Compared to the first quarter of the year, the Nigerian Stock Exchange market capitalisation closed at N10.165tn on June 30 from N8.704tn on March 31.
The NSE All-Share Index also moved to 29,597.79 basis points from 25,306.22 basis points in the same period.
Between January and March, the equities market had depreciated by 10.79 per cent, according to available data from the NSE.
As of the first day of trading this year (January 4), the NSE market capitalisation stood at N9.757tn, while the All-Share Index was 28,370.32 basis points. But as of the last day of trading in March, the market capitalisation and All-Share Index had crashed to N8.704tn and 25,306.22 basis points, respectively.
Equity investors had in the first seven trading days of the year lost N804bn of their investment worth. The market capitalisation after the close of trading on the floor of the Exchange in the first seven days closed at N8.953tn.
The All-Share Index also dropped from 28,370.32 basis points recorded on the first day of trading in 2016 to 26,034.94 seven trading days into the year.
A few weeks into the year, the downward trend in the Nigerian stock market prevailed with 10 out of the 12 indices of the NSE turning out negative.
The market capitalisation of the NSE had fallen by N811bn in the first 10 weeks of the year.
Market capitalisation is the total market value of the shares outstanding of all traded companies on the floor of the Exchange.

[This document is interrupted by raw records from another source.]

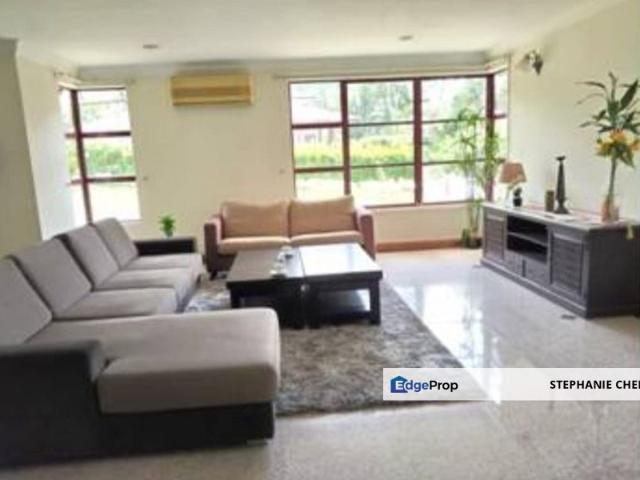 House for rent in Selangor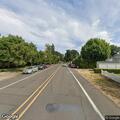 Driver reports black Mercedes tried to run them off road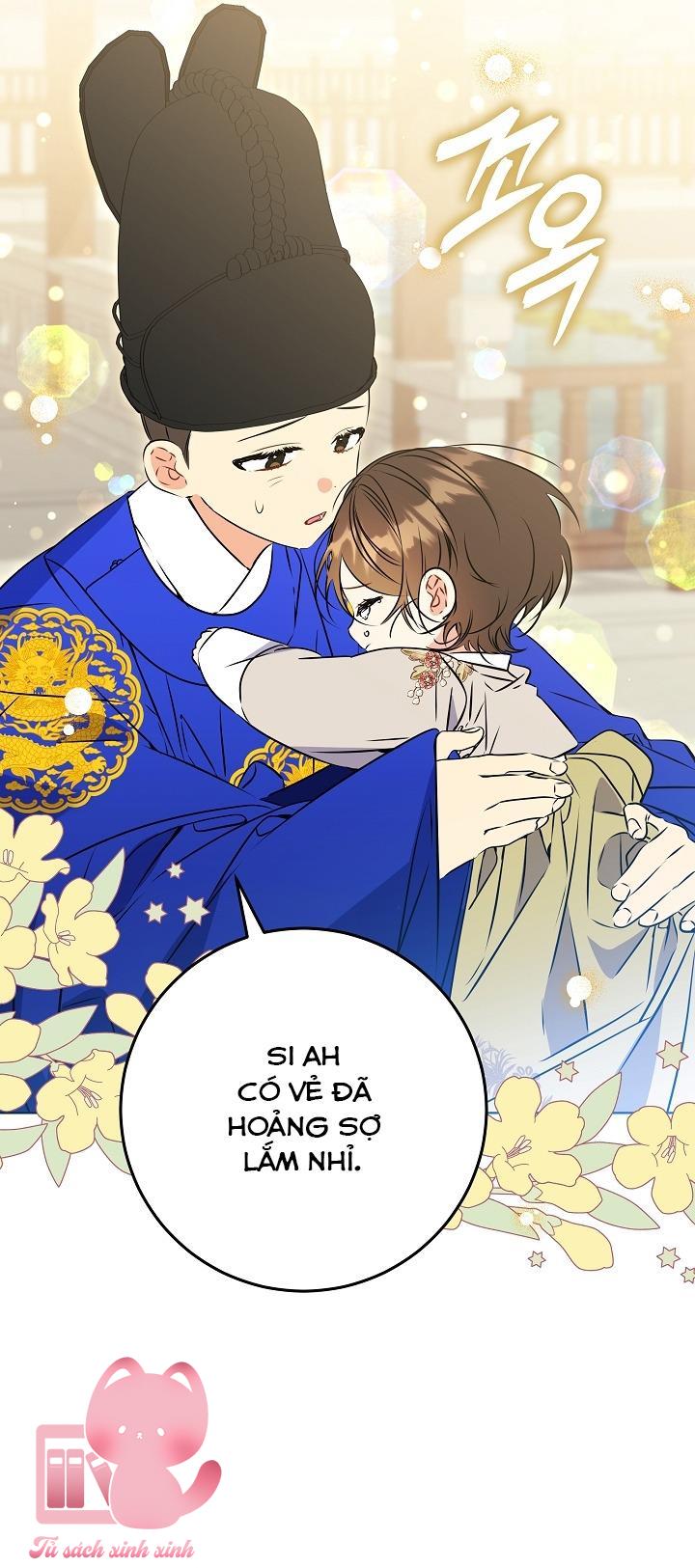 Tái Sinh Là Con Gái Cung Nữ - Chap 16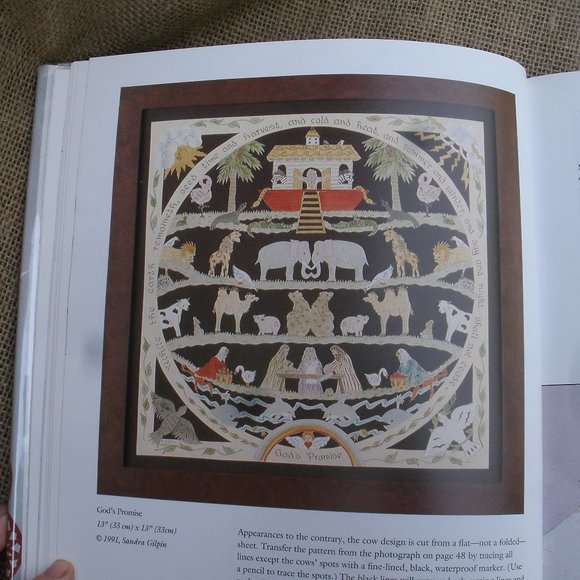 Book of Paper Cutting Technique Guide book - Picture 13 of 16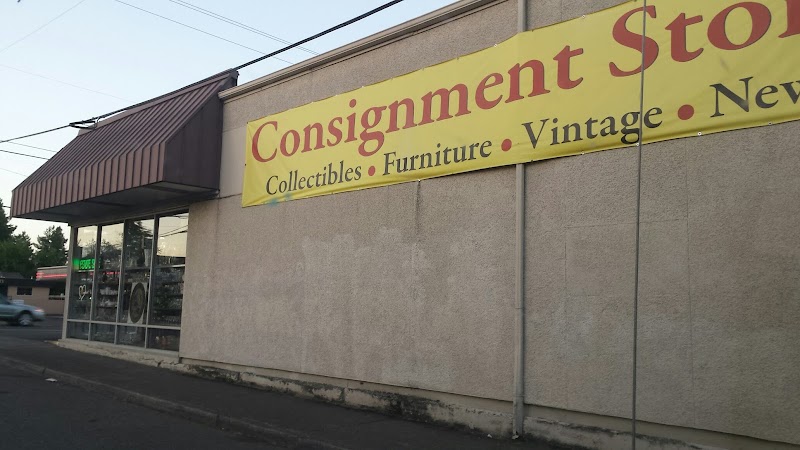 Hearts Decor Consignment Store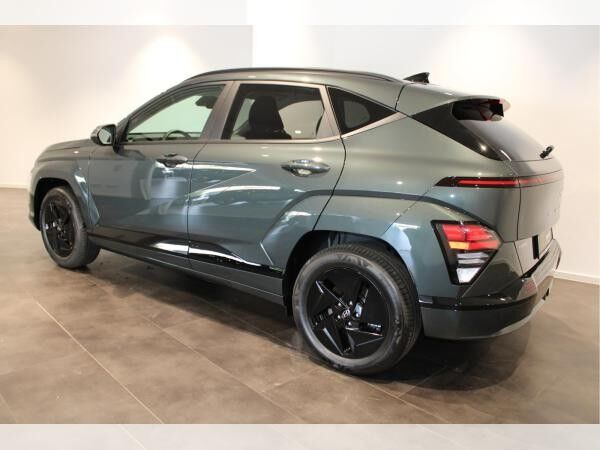 Hyundai KONA (SX2) - Sofort verfügbar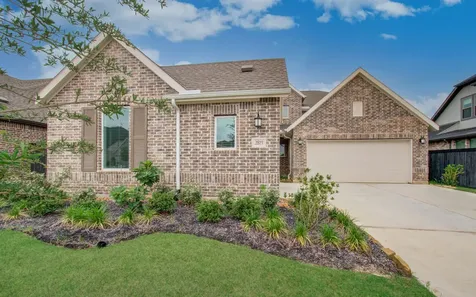 2819 Sunrise Pepper Lane Richmond TX 77406
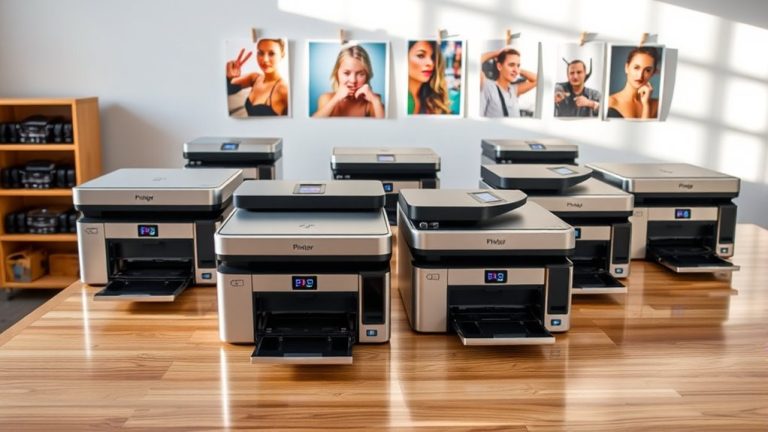 top professional photo printers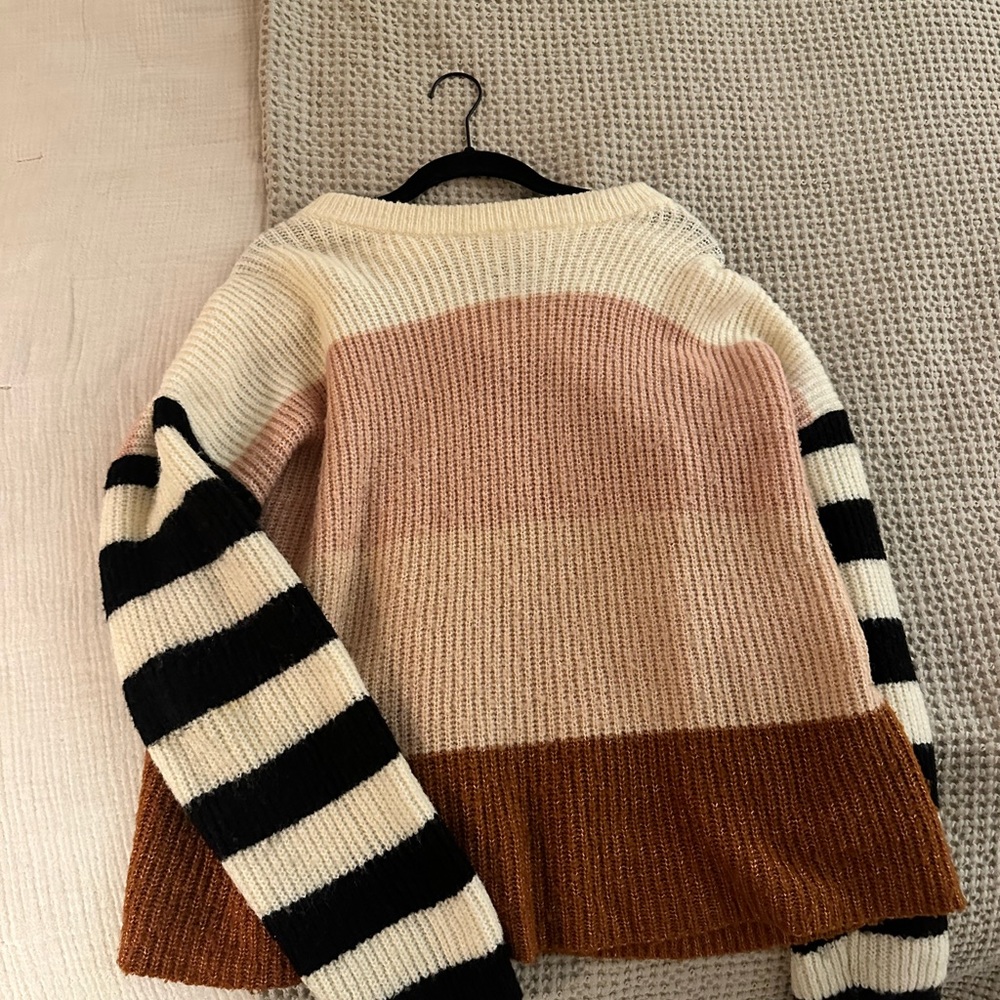 Anthropologie Sweater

It dropped from N9.75tn on January 4, 2016 to N8.939tn 10 weeks into the year, while the All-Share Index also closed at 25,988.40 basis points in the same period from the 28,643.67 basis points recorded on the first trading day of the year.
Investors had also made huge losses in the Nigerian equities market last year, as the market capitalisation (equities only) of the NSE shed a total of N2.354tn between December 2014 and December 2015.
Financial experts tied the improved performance of the market on the Central Bank of Nigeria’s decision to introduce the floating foreign exchange policy.
They said the introduction of a forward market to hedge volatility in the foreign exchange market, and the licensing of foreign exchange primary dealers were innovations that had helped, to some extent, to reawaken the market.
The President and Chairman, Governing Council, Chartered Institute of Stockbrokers, Mr. Oluwaseyi Abe, said the implementation of the new forex framework had helped in boosting dollar supply, while ensuring some form of clarity in the currency exchange rate.
The naira to dollar exchange rate had been pegged for 16 months before the CBN reversed the policy. This had resulted in the dearth of dollars and prompted large-scale capital flight, with the attendant growth challenges in the capital market and the economy at large, he said.